### What the task asks
Search the entries below for "Lake", and copy each line where it appears.

### Input records

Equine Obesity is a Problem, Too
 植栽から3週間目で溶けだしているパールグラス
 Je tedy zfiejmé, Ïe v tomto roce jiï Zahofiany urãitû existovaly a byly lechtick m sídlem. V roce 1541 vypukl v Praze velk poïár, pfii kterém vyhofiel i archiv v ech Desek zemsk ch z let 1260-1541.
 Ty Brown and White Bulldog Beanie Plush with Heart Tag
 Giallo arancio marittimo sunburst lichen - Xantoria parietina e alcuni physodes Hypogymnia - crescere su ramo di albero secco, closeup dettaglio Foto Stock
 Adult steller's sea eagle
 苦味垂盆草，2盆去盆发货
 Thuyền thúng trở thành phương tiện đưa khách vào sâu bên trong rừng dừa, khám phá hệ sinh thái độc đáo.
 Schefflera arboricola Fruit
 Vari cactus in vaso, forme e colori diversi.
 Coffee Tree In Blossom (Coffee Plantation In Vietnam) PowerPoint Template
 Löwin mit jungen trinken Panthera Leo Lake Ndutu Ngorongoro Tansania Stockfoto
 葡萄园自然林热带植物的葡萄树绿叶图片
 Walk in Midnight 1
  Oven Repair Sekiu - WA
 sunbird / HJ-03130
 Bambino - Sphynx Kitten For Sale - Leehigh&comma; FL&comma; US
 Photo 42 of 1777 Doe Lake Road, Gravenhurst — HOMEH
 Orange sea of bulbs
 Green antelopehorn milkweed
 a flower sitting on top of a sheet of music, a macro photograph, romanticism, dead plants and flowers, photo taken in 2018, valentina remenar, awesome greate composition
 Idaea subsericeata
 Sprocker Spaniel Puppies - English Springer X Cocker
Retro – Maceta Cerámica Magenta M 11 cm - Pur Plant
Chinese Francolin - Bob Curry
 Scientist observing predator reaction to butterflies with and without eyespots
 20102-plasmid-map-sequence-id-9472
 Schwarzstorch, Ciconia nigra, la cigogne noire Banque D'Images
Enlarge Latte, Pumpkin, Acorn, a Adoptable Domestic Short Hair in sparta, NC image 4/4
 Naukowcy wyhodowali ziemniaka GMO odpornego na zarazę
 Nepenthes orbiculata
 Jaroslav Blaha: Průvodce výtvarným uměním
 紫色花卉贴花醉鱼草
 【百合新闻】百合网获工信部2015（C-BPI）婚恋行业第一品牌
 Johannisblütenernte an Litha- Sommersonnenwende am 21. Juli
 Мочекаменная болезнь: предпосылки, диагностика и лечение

### Solution to the problem
 Löwin mit jungen trinken Panthera Leo Lake Ndutu Ngorongoro Tansania Stockfoto
 Photo 42 of 1777 Doe Lake Road, Gravenhurst — HOMEH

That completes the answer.